Als Bewohner zweier Welten, wenn auch sein Wohnsitz seit vielen Jahren in Deutschland liegt, hat es sich Schami zur Aufgabe gemacht, Mittler zu sein zwischen der arabischen Kultur und den Deutschen und ihren Eigenheiten. Er tut dies meist liebevoll, mit einem Augenzwinkern, vereinzelt auch mit beißender Kritik.

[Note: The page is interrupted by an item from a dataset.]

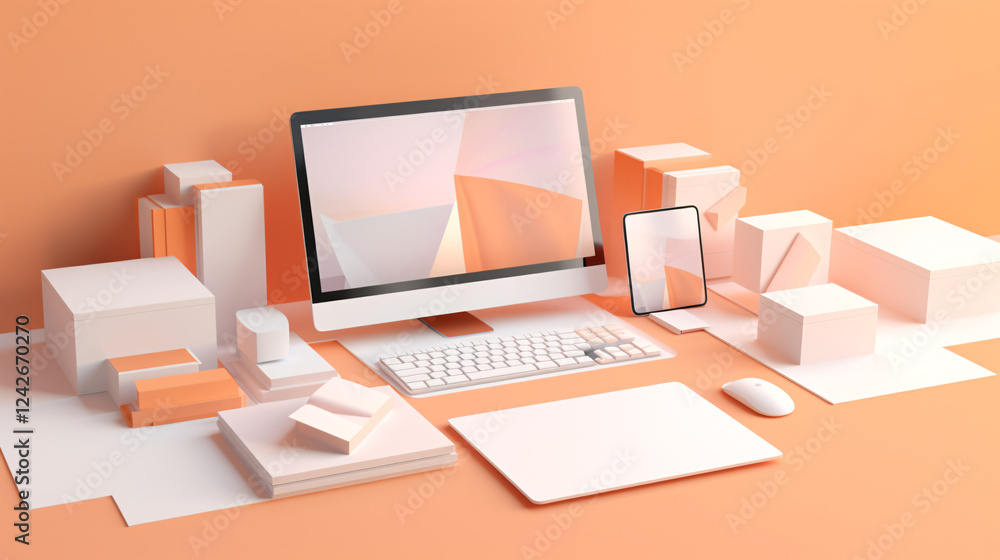 Aufkleber A 3D render of a clean, minimalistic web design interface showing a system monitor dashboard—perfect for illustrating tech products, UI/UX concepts, or modern digital environments.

Heinrich Riethmüller, Geschäftsführer der Buchhandlung Osiander, ist dieser denkwürdige und vergnügliche Erzählabend im Lörracher Burghof zu verdanken. Schon seit über dreißig Jahren organisiert er Lesungen mit Rafik Schami – anfangs kamen gerade einmal 15 Zuhörer, erinnert er sich – und ist dem syrisch-deutschen Schriftsteller freundschaftlich verbunden. Rafik Schamis Kinderhilfsverein „Schams“ unterstützt Osiander mit einer Spende in Höhe von von 10 000 Euro, die durch den Verzicht auf Weihnachtsgeschenke für die Mitarbeiter sowie einen dicken Zuschuss von der Geschäftsleitung zusammengekommen ist. In einem aktuellen Projekt wird damit 400 syrischen Flüchtlingskindern in der Türkei eine durchgehende Schulausbildung bis zum Abitur ermöglicht.